見積書には、材料費の価格変動リスクや工期延長リスクを織り込んでおくことも重要です。見積諸経費の詳細については「見積書の諸経費とは」をご参照ください。
ポイント③:外注費を見直す
建設業では外注費が原価の大きな割合を占めます。外注先との価格交渉や、複数の業者から見積りを取得して比較検討することで、外注費の削減が可能です。
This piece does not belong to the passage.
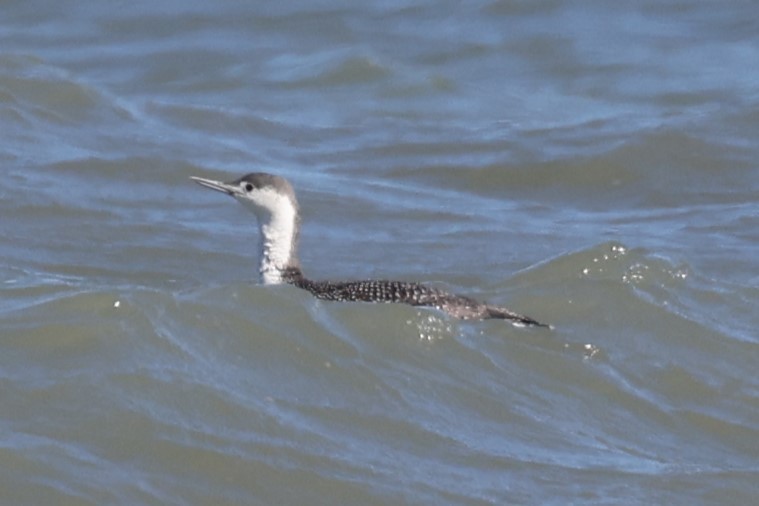 Red-throated Loon - ML542809191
ただし、一方的な値下げ要求は下請法違反になる可能性があります。また、無理な原価削減は品質低下につながるため、適正な価格と品質のバランスを保つことが重要です。
ポイント④:赤字受注を避ける
売上を優先して利益度外視で受注すると、いくら工事をこなしても利益は残りません。受注前に必ず粗利益を計算し、最低限確保すべき粗利率を下回る工事は受注しないというルールを設けましょう。
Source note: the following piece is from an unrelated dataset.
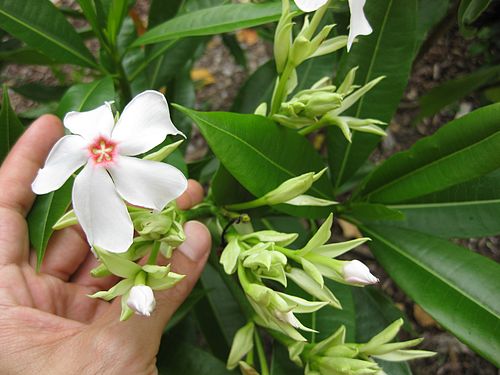 Cerbera floribunda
会社の固定費(人件費、事務所家賃、リース料など)を賄うために必要な粗利益額を算出し、それを基準に受注判断を行うことが重要です。
ポイント⑤:施工管理システムを導入する
Excel管理では原価のリアルタイム把握が難しく、集計に時間がかかります。施工管理システムを導入することで、原価管理の精度と効率が大幅に向上します。
システム導入により期待できるメリットは以下のとおりです。
- 工事案件ごとの原価をリアルタイムで把握できる
- 予算と実績の差異を自動で算出・可視化できる
- 過去の工事データを蓄積・分析して見積精度を向上できる
- 問題の早期発見と迅速な対策が可能になる
粗利率から見る経営改善の考え方
粗利率を経営改善に活かすための考え方を解説します。
損益分岐点を把握する
会社の固定費を粗利率で割ると、赤字にならないために必要な最低売上高(損益分岐点売上高)がわかります。
損益分岐点売上高 = 固定費 ÷ 粗利率
例えば、年間固定費が8,000万円、粗利率が20%の場合、損益分岐点売上高は4億円となります。つまり、年間4億円以上の売上がないと赤字になるということです。
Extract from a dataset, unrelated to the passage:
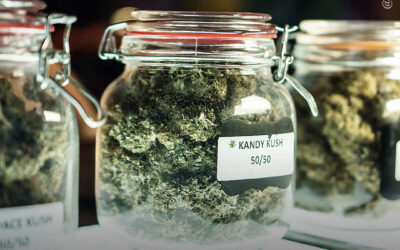 Canadá: a legalização do uso adulto substituiu em grande parte o mercado ilícito de maconha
粗利率を25%に改善できれば、損益分岐点売上高は3.2億円に下がり、経営に余裕が生まれます。
工事別の粗利率を分析する
会社全体の粗利率だけでなく、工事案件ごとの粗利率を分析することで、どの種類の工事が利益を生みやすいかがわかります。
粗利率の高い工事の受注を増やし、粗利率の低い工事は改善策を講じるか受注を控えることで、会社全体の収益性を向上させることができます。
まとめ
本記事では、建設業における粗利率の計算式・平均値・改善ポイントについて解説しました。
粗利率のポイント(まとめ):
- 計算式:粗利率(%)= 粗利益 ÷ 売上高 × 100
- 建設業の平均:約20〜25%(売上規模や業種により異なる)
- 低下の原因:材料費・人件費の高騰、価格競争、原価管理の不備、追加工事・手戻り
- 改善のポイント:原価管理の徹底、見積精度の向上、外注費の見直し、赤字受注の回避、システム導入
粗利率は建設会社の収益性を示す最も基本的な指標です。まずは自社の粗利率を正確に把握し、業界平均と比較してみましょう。そのうえで、改善すべきポイントを特定し、具体的な対策を講じることが重要です。